Reviewed on Tue 30 May, 2017

Anyone familiar with the great Ernest Ansermet's vintage Decca recordings with this same band will detect a kindred scrupulous care for texture, rhythm and atmosphere, beaming affection and selfless musicality under Kazuki Yamada's strongly communicative lead.

This latest addition to Kazuki Yamada's highly desirable series of recordings for Pentatone at the helm of the Orchestre de la Suisse Romande serves up over 70 minutes of Manuel de Falla in performances of striking flair, tenderness, flexibility and charm.

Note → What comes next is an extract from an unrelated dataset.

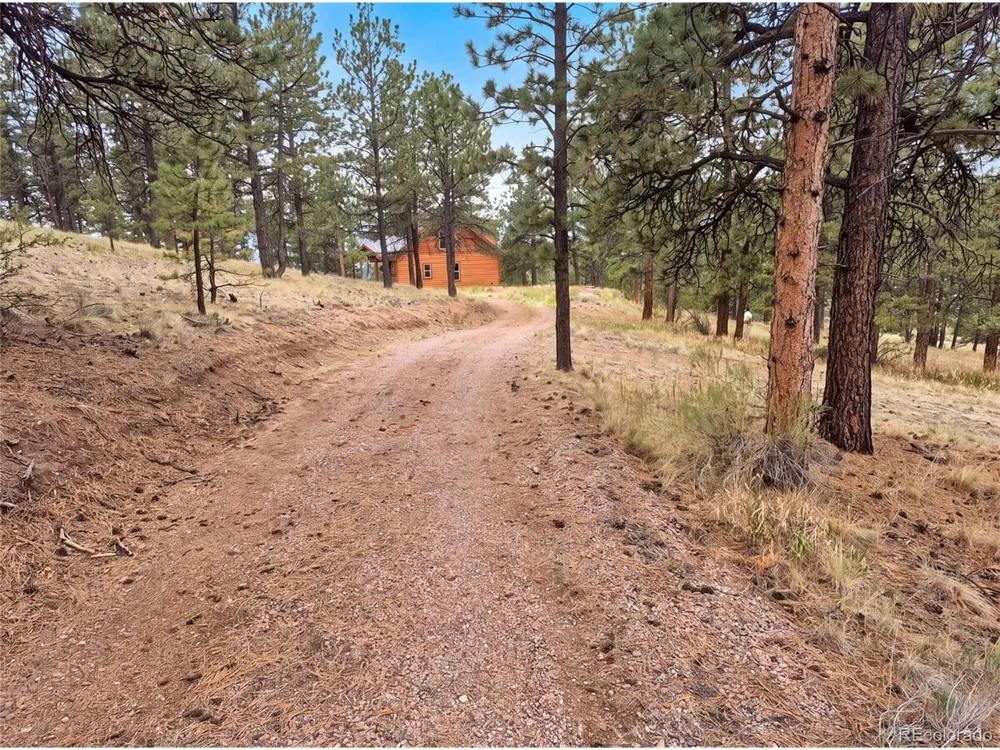 113 Blackberry Court Westcliffe, CO 81252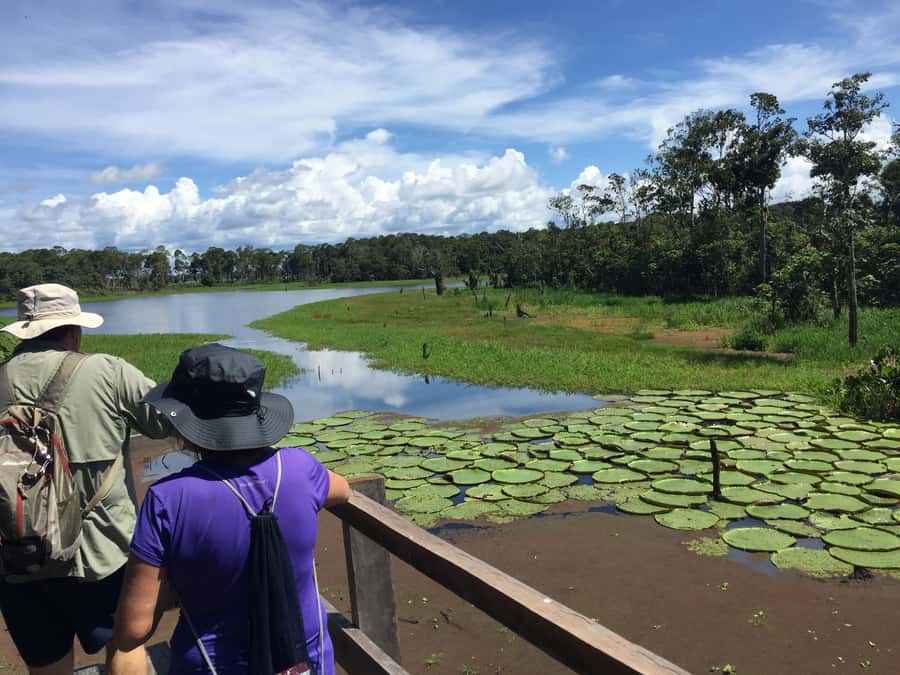 Manaus: 2-Day River Tour With Overnight Stay - The Meeting of the Waters near Manaus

Indeed, anyone familiar with the great Ernest Ansermet's vintage Decca accounts with this same band of the irresistible 1919 ballet The Three-Cornered Hat and wholly captivating 'Interlude and Dance' from the opera La vida breve will detect a kindred scrupulous care for texture, rhythm and atmosphere, beaming affection and selfless musicality under Yamada's strongly communicative lead. If, in Nights in the Gardens of Spain, Mari Kodama doesn't always eclipse cherished memories of, say, Artur Rubinstein (RCA) or Alicia de Larrocha (Decca), she consistently displays a responsiveness, poise and poetry that do full justice to Falla's gorgeously fragrant inspiration; Yamada and company likewise lend her outstandingly sympathetic, watchful support. Pentatone's state-of-the-art engineering within the wonderfully glowing acoustic of Geneva's Victoria Hall is the icing on the cake.